▼
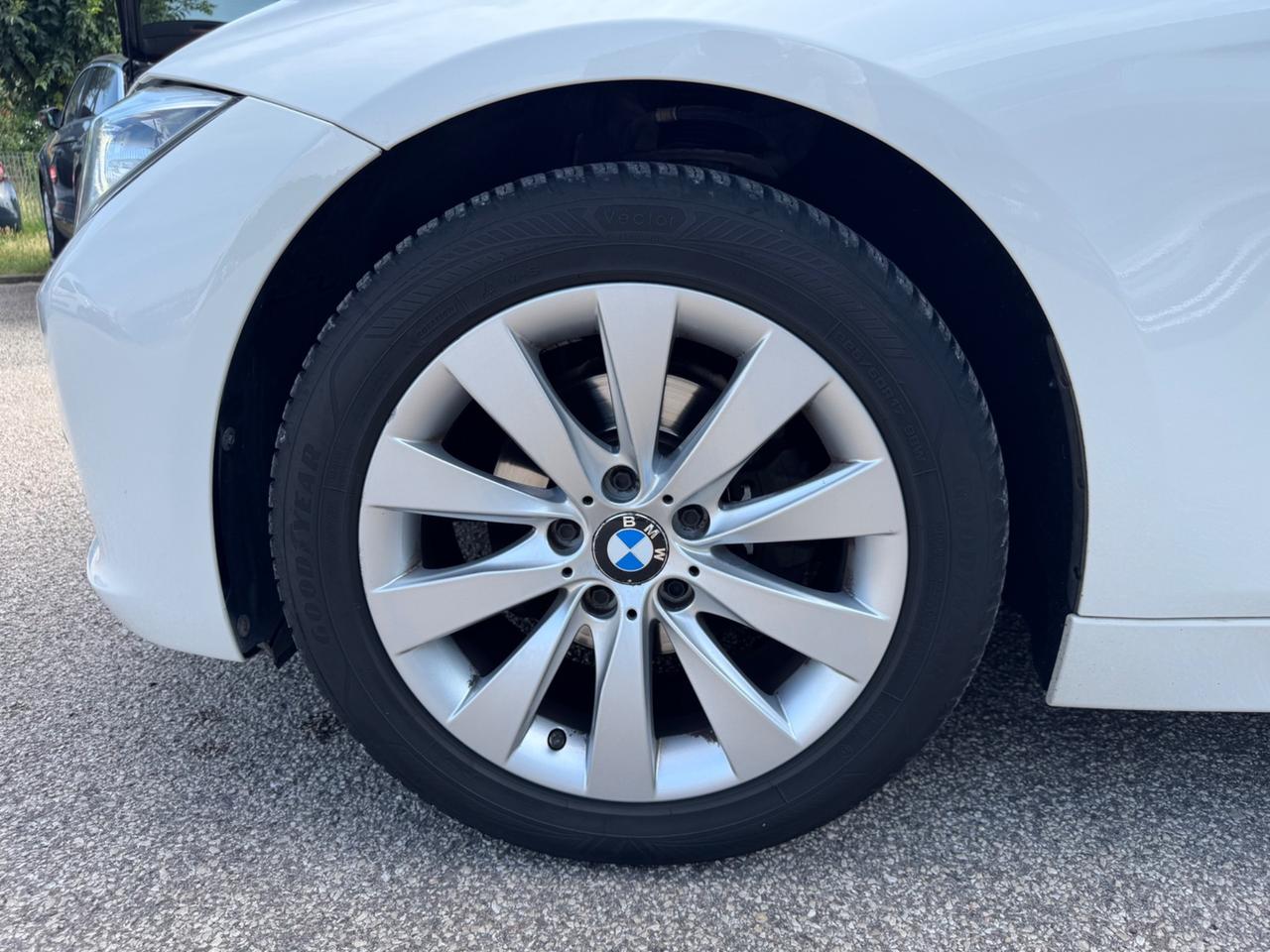 Bmw 320d 116cv Touring Modern NEOPATENTATI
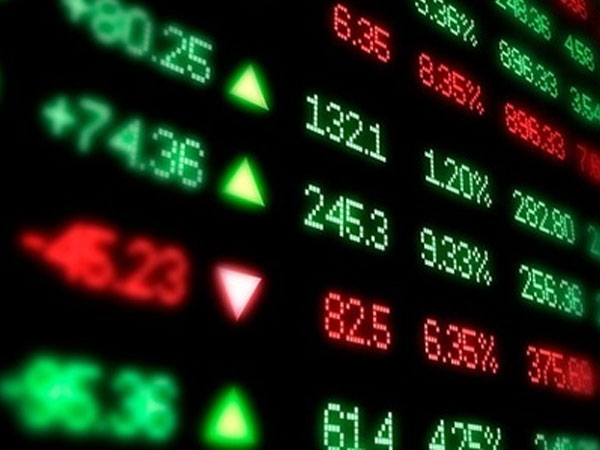 VN-Index giảm kỷ lục, thị trường 'bốc hơi' hơn 8 tỷ USD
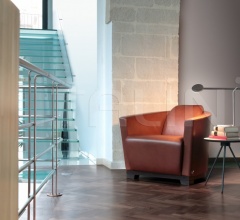 Кресло Hotel фабрика Calia Italia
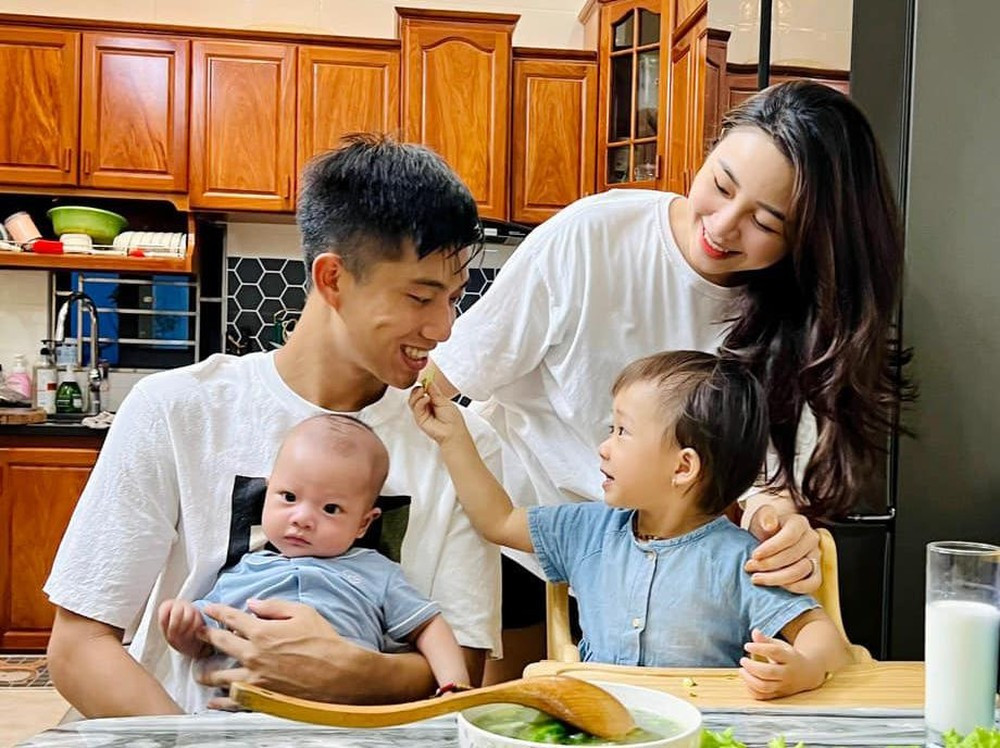 Rời SLNA tới bến đỗ mới, Phan Văn Đức trải lòng: Có ai muốn xa vợ con đâu-2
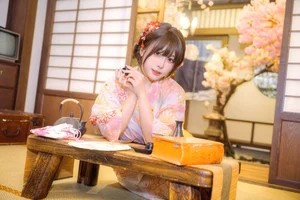 Artistic Portraiture Featuring Pu Tao Ke Er Bi Si Art Language Vol.6488 - image 5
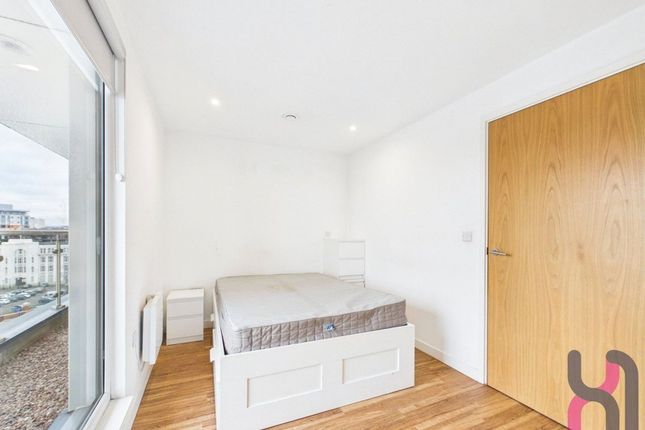 Apt 713, The Exchange, Salford photo 3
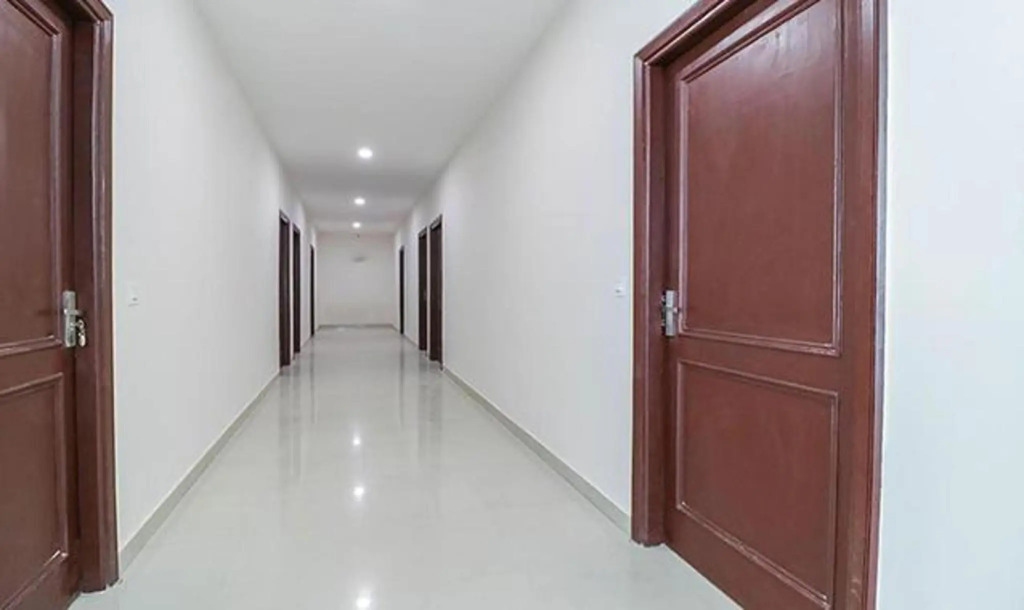 FabHotel Grand Inn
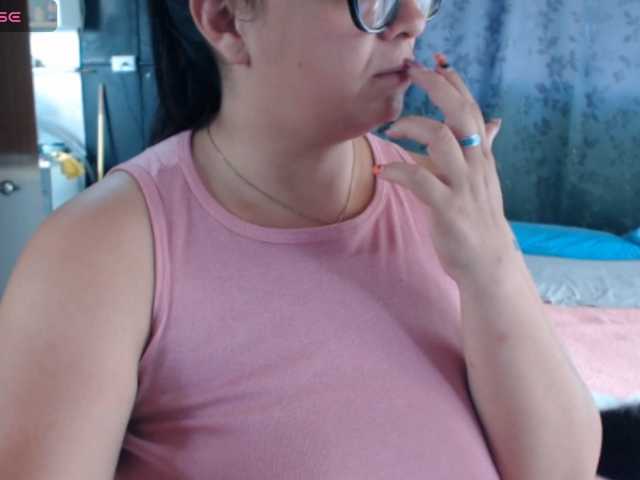 miia-1bigboobs live cam on BongaCams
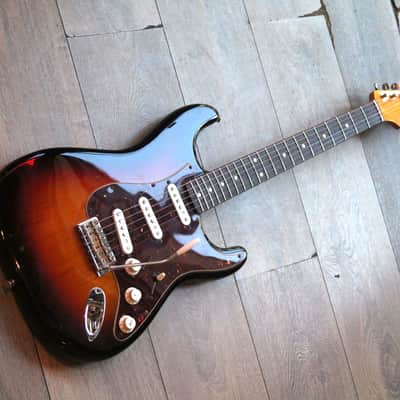 FENDER "John Mayer Stratocaster" (2005-2014), 3, 64 KG image 1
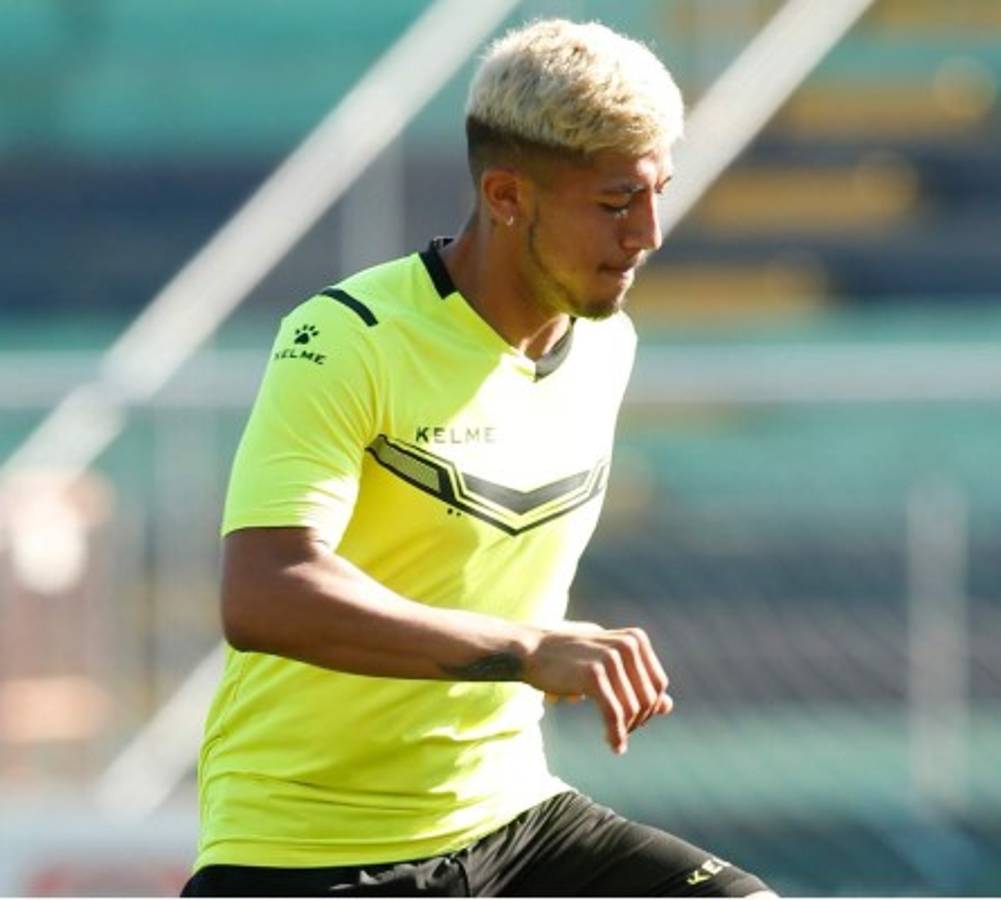 Español dirigirá en El Salvador, Saprissa se reforzará y Esteban Espíndola es noticia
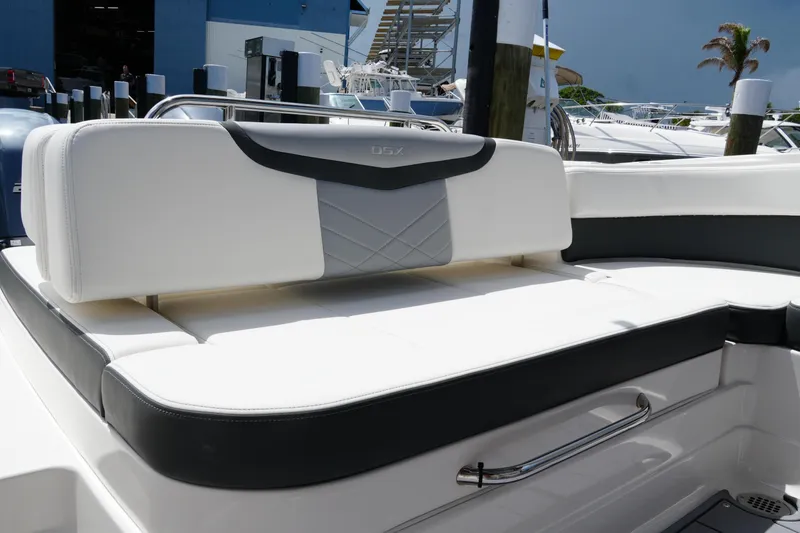 Slide: The Image of Chaparral 280 OSX 2022 - 63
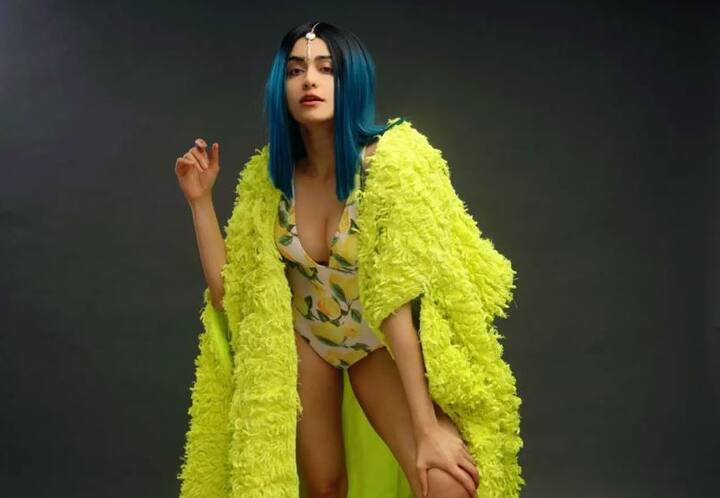 એક્ટ્રેસ ફિલ્મ કમાન્ડો 3માં જોવા મળી હતી. અદાની એક્ટિંગથી લોકો પ્રભાવિત તો છે જ પણ સાથે સાથે તેની કેટલીક તસવીરોથી પણ લોકો તેને પસંદ કરી રહ્યાં છે.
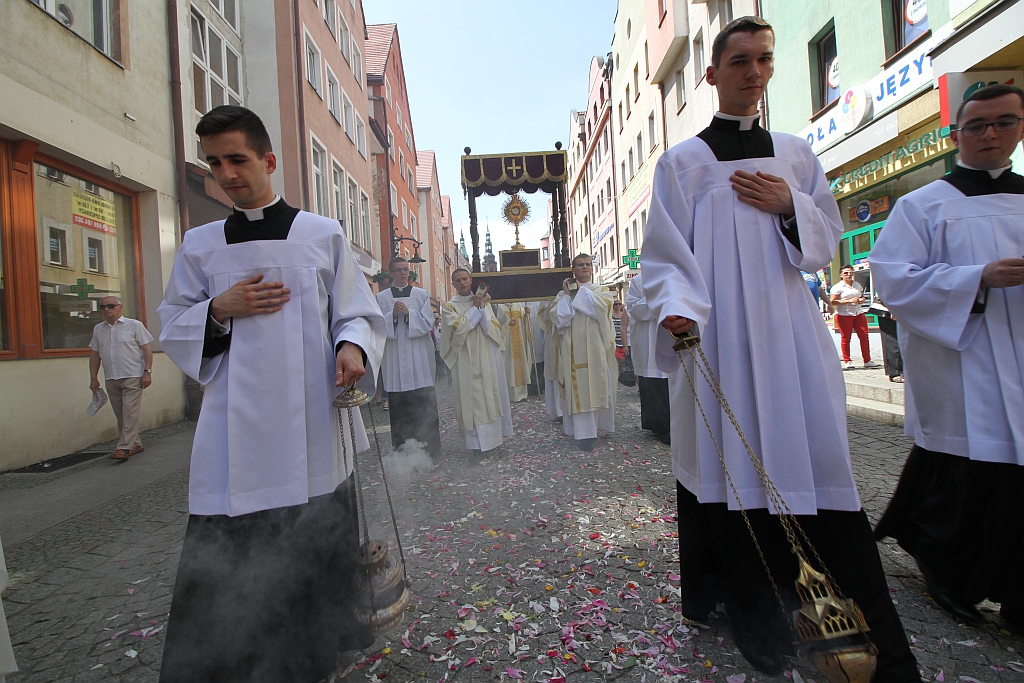Procesji Bożego Ciała w Legnica - nasza fotorelacja
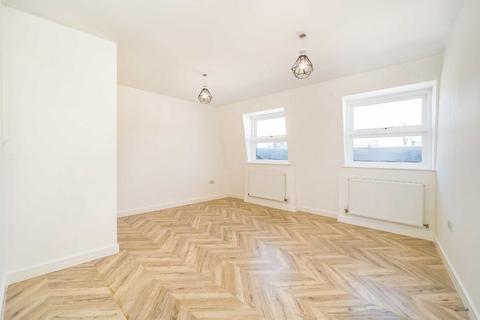 1 bedroom flat to rent, Queens Crescent, London NW5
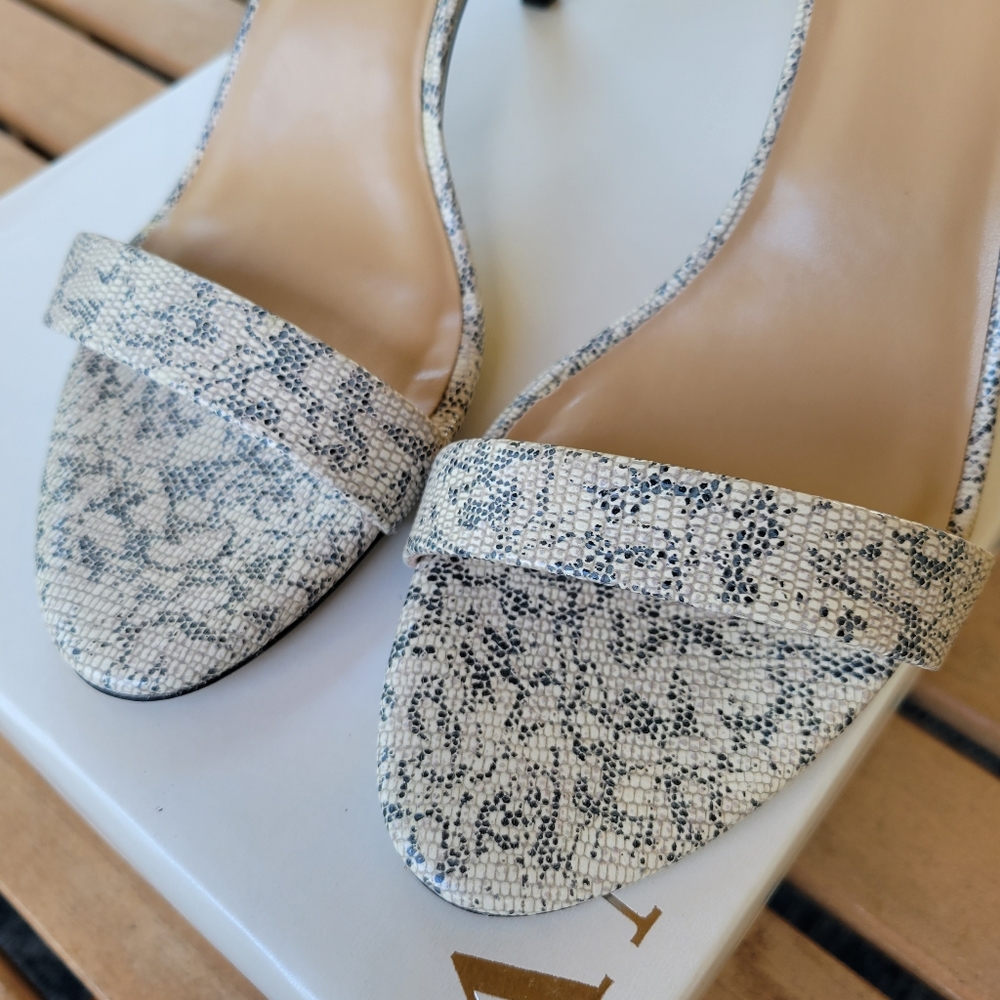 ANN TAYLOR Alaina Sandals, Lizard embossed leather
▲
Instructions to follow:
Do not include the pictures. Quote only the lines from the line with "Procesji Bożego Ciała" through the end of the material, both ends included, exactly.

Answer for this exercise:
Procesji Bożego Ciała w Legnica - nasza fotorelacja
 1 bedroom flat to rent, Queens Crescent, London NW5
 ANN TAYLOR Alaina Sandals, Lizard embossed leather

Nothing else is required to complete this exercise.